The challenge for many leaders, myself included, is to know when to follow and when to lead. We’re always followers and we’re always leaders, but those roles shift through the years. And at times, they don’t shift as quickly as we’d like.

I often felt stuck when I my 20s. Stuck in a job I wasn’t sure was right. Stuck in a relationship that wasn’t going anywhere. Stuck geographically in a city where I wasn’t sure I wanted to spend the rest of my life.

Those experiences, of course, prepared me to lead at higher levels, and we all need to find contentment in things more important than our job title, our dating relationships, or our address. But we also have to be willing to take risks that prepare us and free us to a different future.

For me, that risk was the decision to go to business school. That change sent me into orbit in many ways, not just because of the education I received while earning an MBA but also in the relationships I built and the confidence I gained.
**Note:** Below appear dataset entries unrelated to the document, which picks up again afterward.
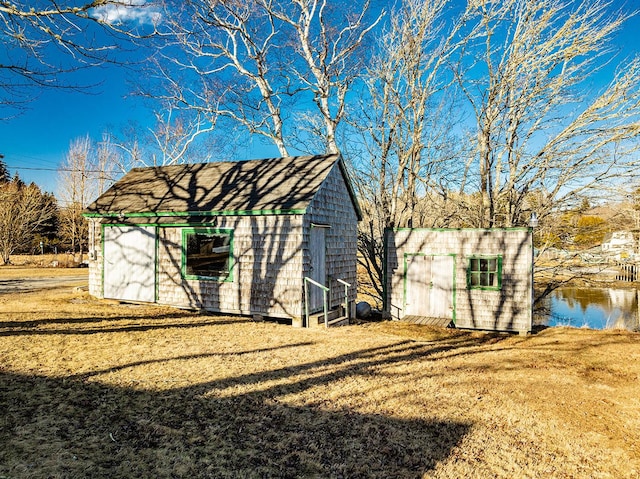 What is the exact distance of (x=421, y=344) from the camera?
9367 millimetres

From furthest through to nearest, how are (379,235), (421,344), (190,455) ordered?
1. (379,235)
2. (421,344)
3. (190,455)

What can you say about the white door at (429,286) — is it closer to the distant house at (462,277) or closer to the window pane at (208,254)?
the distant house at (462,277)

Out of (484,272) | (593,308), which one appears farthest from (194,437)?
(593,308)

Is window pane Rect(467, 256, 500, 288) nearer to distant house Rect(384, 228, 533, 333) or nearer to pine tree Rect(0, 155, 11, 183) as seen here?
distant house Rect(384, 228, 533, 333)

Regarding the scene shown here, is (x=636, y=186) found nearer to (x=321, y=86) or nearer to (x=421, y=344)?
(x=421, y=344)

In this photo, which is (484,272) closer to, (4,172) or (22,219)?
(22,219)

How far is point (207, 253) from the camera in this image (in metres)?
12.1

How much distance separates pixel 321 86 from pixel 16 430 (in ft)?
56.9

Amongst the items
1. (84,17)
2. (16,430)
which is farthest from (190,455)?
(84,17)

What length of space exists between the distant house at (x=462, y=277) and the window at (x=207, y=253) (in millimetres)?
5282

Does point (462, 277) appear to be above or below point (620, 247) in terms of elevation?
below

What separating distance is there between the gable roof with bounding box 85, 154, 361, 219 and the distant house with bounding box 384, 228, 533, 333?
2593mm

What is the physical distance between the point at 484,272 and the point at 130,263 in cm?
1072

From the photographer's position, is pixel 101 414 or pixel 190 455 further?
pixel 101 414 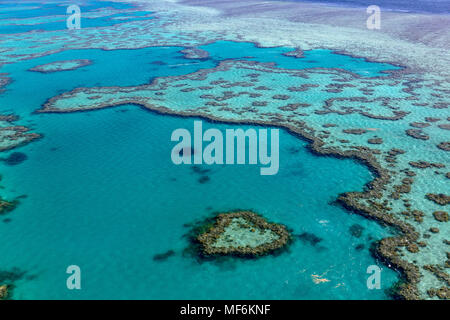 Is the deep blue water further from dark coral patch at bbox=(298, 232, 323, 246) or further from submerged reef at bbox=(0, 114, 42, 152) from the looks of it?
submerged reef at bbox=(0, 114, 42, 152)

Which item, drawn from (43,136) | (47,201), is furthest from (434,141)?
(43,136)

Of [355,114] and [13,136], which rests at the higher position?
[355,114]

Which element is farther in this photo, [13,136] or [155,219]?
[13,136]

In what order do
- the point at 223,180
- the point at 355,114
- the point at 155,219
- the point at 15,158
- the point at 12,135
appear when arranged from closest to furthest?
1. the point at 155,219
2. the point at 223,180
3. the point at 15,158
4. the point at 12,135
5. the point at 355,114

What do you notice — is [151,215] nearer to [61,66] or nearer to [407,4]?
[61,66]

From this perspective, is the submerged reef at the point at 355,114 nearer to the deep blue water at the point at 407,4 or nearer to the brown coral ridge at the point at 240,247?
the brown coral ridge at the point at 240,247

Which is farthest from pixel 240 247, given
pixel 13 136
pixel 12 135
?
pixel 12 135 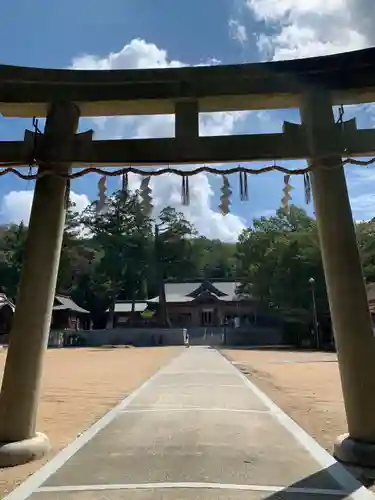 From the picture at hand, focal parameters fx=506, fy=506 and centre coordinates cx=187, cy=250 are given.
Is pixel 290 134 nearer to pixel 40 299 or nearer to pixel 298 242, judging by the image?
pixel 40 299

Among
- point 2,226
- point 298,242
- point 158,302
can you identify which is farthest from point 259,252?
point 2,226

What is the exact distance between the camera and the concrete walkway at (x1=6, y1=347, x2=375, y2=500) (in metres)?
4.70

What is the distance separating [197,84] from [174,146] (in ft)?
2.89

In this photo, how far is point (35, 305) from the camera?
6078 mm

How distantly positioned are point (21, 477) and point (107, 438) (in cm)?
215

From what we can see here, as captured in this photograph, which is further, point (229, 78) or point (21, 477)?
point (229, 78)

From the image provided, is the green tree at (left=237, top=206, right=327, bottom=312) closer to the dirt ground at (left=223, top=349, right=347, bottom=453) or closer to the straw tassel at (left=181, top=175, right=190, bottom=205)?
the dirt ground at (left=223, top=349, right=347, bottom=453)

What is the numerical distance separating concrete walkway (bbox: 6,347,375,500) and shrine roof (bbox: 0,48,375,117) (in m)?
4.39

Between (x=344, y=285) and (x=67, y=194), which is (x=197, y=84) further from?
(x=344, y=285)

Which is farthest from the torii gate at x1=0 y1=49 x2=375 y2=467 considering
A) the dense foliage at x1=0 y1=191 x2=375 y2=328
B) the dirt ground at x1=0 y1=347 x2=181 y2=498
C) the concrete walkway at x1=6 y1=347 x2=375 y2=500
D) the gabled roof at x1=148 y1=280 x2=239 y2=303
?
the gabled roof at x1=148 y1=280 x2=239 y2=303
Sometimes all it takes is one bold decision to chart you on a completely new direction that changes your life forever. Think boldly.

Never lose a focus on serving others.

The ambition to grow as a leader requires the balance of an ambition to lead for the right reason – serving others and the greater good. I pursued an MBA because I believed it would help me improve as a leader and advance in my career, but those things were important because I wanted to have a more positive influence on the people I would lead.

When we’re younger, it’s easy to see leadership mainly as an opportunity to be in charge, run the show, and bask in the credit for your successes. I often did. But it’s more than that. Much more. I love the perspective from Wendy Tan White, who was CEO and cofounder of the tech company Moonfruit when she was 29. Now, at 50, she’s CEO of Intrinsic, a company recently born out of Alphabet’s research and development lab.

“When you do it the first time, everything is very much tied to your own identity,” she said of leading a company. “You think that whether [the business] succeeds or fails, it’s you succeeding or failing. Over the years, you learn it’s not about you – it’s about the mission you’re going for. It’s about the team you have. My leadership style now is much more about mentoring an incredible team of leaders to achieve the mission, not for me to do it. That’s a fundamental shift.”

No matter where you are in your leadership journey – in your 20s, 30s, 40s, 50s, or above – it’s never too early and never too late to make that shift.